Records drawn from a dataset
•••••

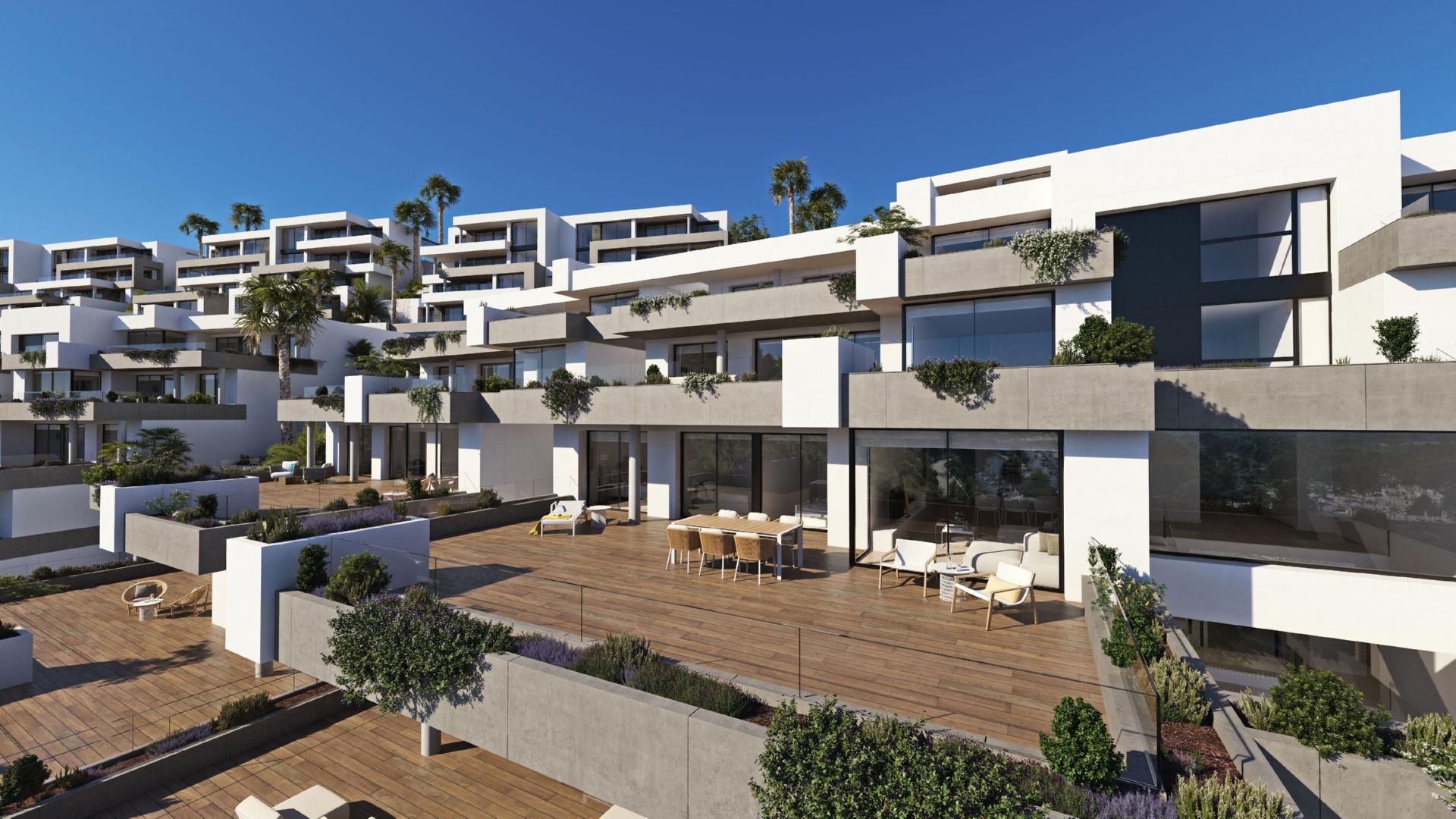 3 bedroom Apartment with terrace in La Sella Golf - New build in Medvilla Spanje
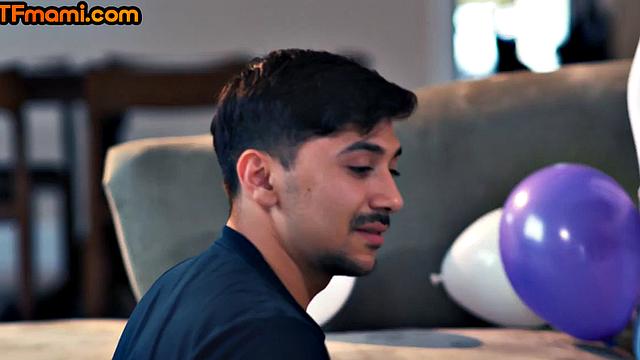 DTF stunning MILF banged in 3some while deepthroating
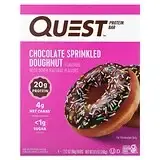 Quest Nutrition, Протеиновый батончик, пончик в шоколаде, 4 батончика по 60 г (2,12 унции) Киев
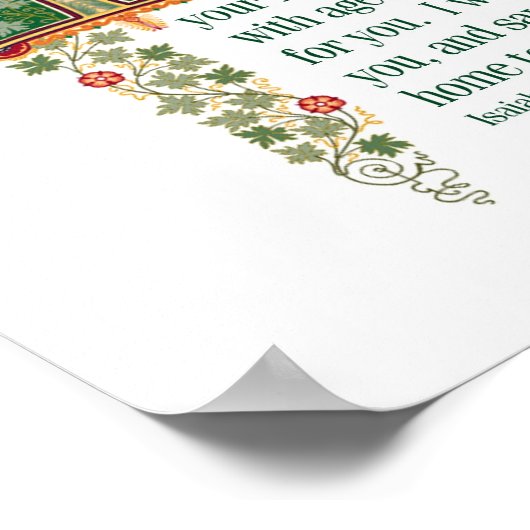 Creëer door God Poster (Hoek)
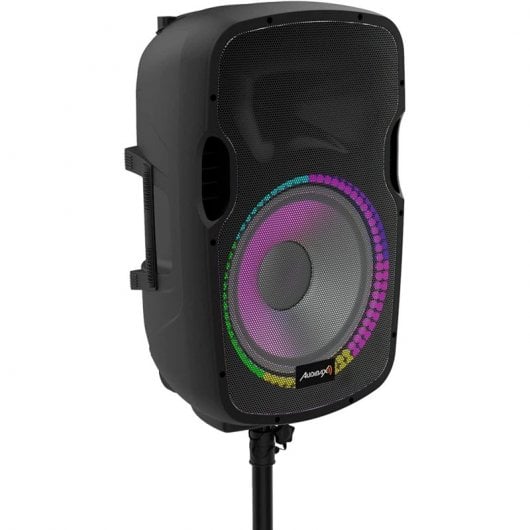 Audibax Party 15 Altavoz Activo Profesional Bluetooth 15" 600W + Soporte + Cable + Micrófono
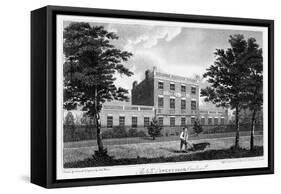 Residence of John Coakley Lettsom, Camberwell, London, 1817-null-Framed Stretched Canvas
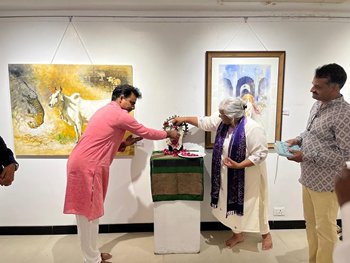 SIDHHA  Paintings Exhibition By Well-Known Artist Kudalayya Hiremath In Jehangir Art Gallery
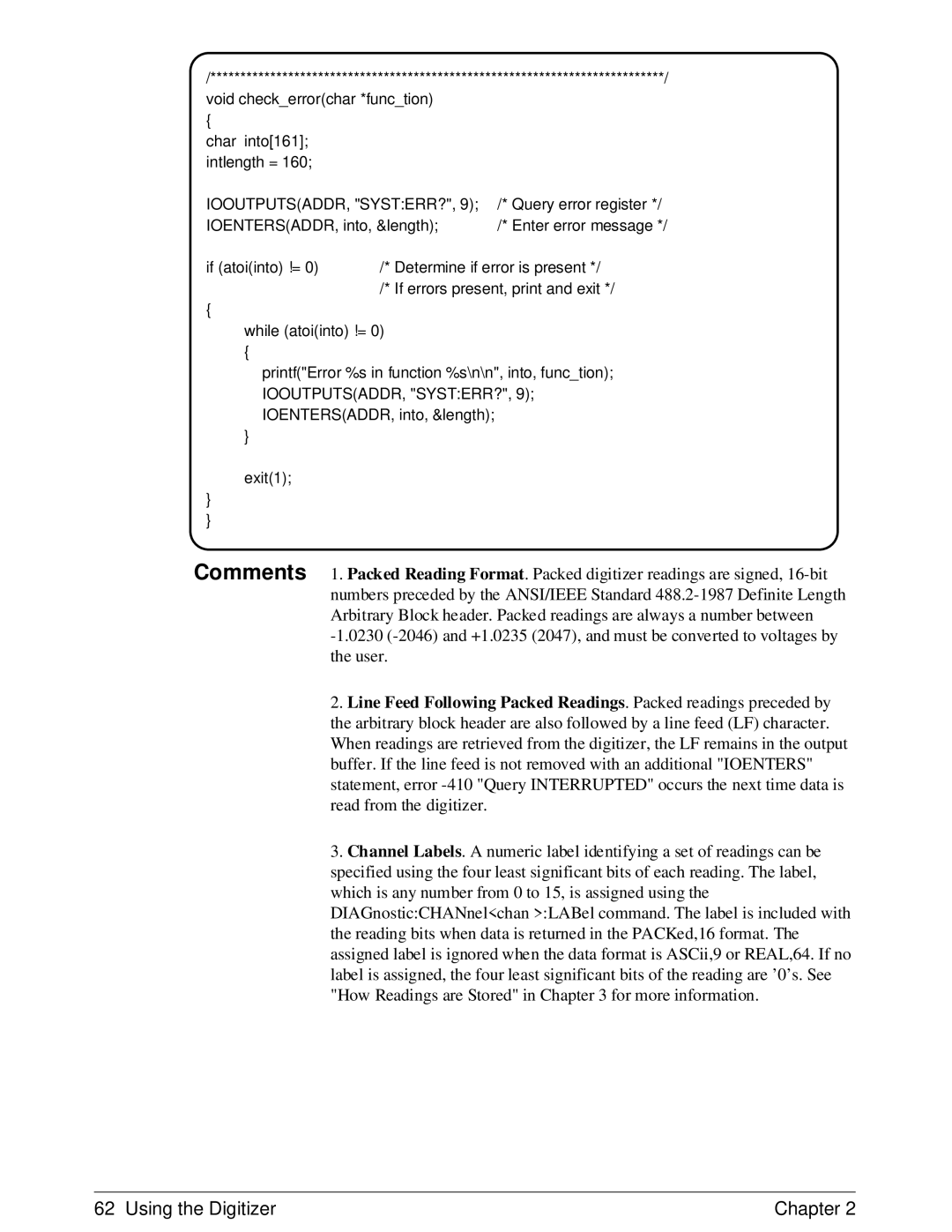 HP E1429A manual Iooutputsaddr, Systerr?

•••••

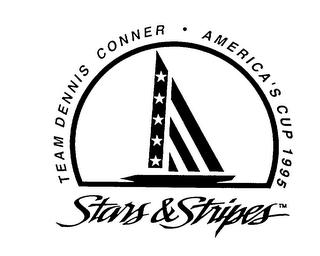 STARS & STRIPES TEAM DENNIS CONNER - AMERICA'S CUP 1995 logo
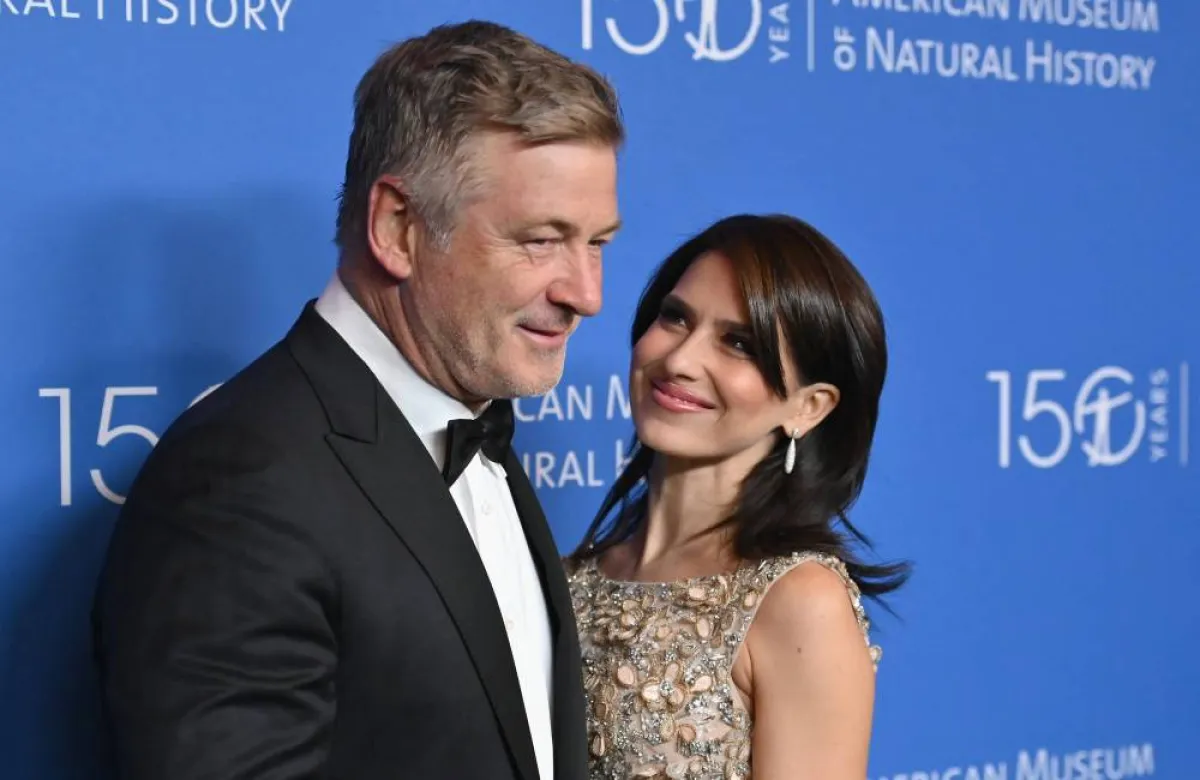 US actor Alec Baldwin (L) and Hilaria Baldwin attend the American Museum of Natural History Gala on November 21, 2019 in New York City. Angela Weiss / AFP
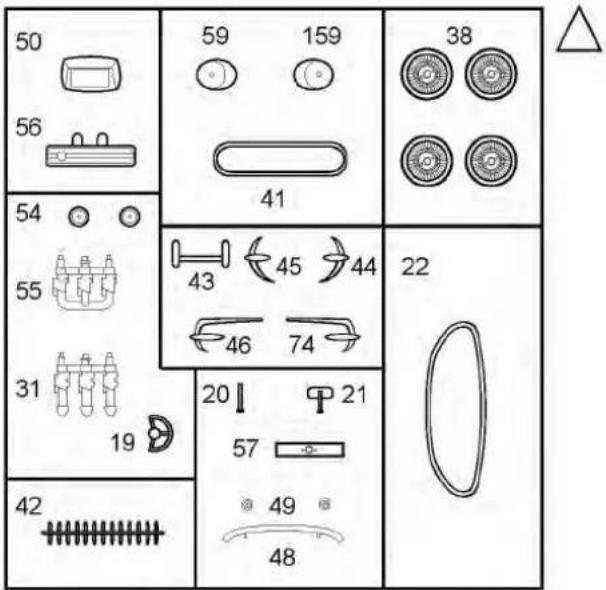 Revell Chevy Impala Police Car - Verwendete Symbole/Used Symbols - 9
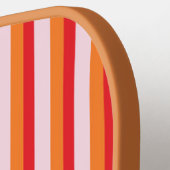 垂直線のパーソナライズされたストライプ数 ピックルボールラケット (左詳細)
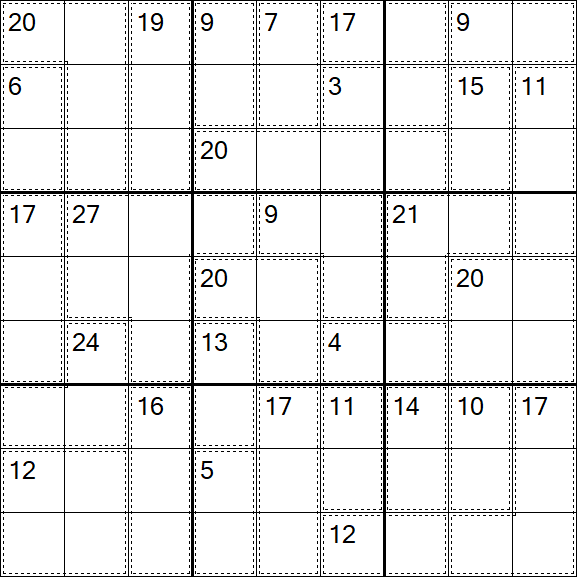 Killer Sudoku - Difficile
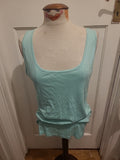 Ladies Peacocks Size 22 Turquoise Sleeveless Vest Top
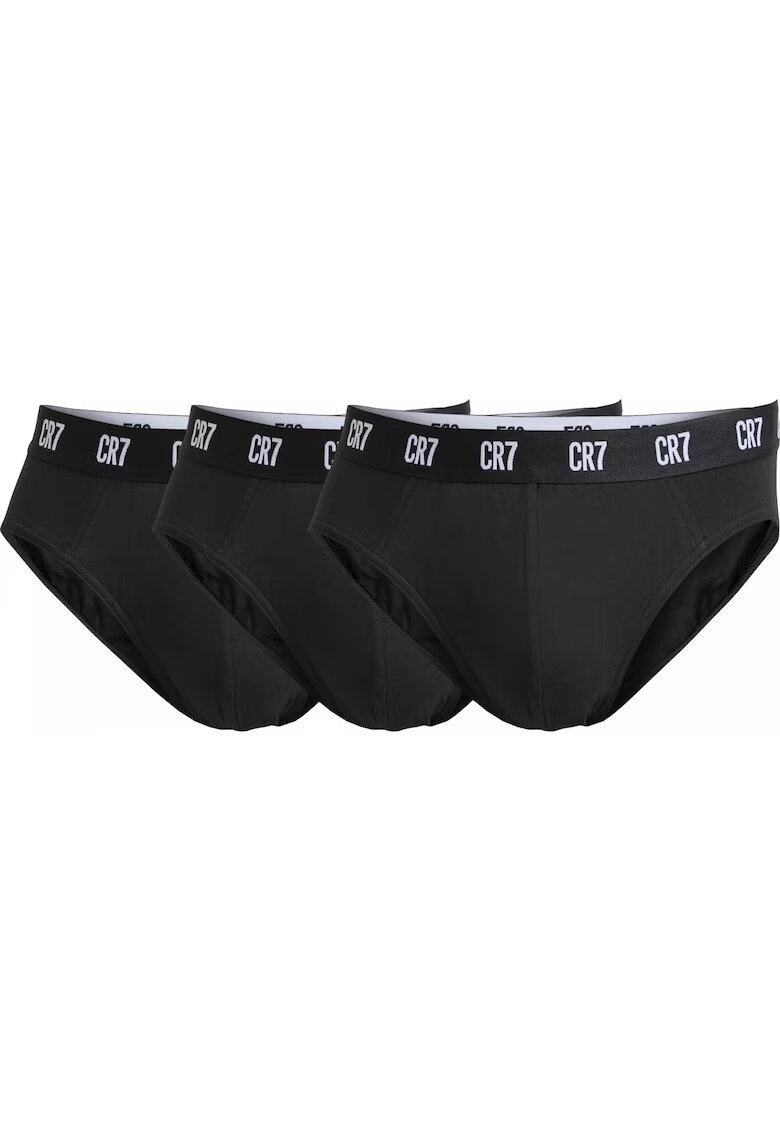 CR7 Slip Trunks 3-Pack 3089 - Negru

•••••

WORK TO COMPLETE
Repeat, without pictures, exactly the lines of the data above from the one containing "3 bedroom Apartment" through the one containing "Creëer door God Poster (Hoek)", including both and adding nothing.

SOLUTION TO THE EXERCISE
 3 bedroom Apartment with terrace in La Sella Golf - New build in Medvilla Spanje
 DTF stunning MILF banged in 3some while deepthroating
 Quest Nutrition, Протеиновый батончик, пончик в шоколаде, 4 батончика по 60 г (2,12 унции) Киев
 Creëer door God Poster (Hoek)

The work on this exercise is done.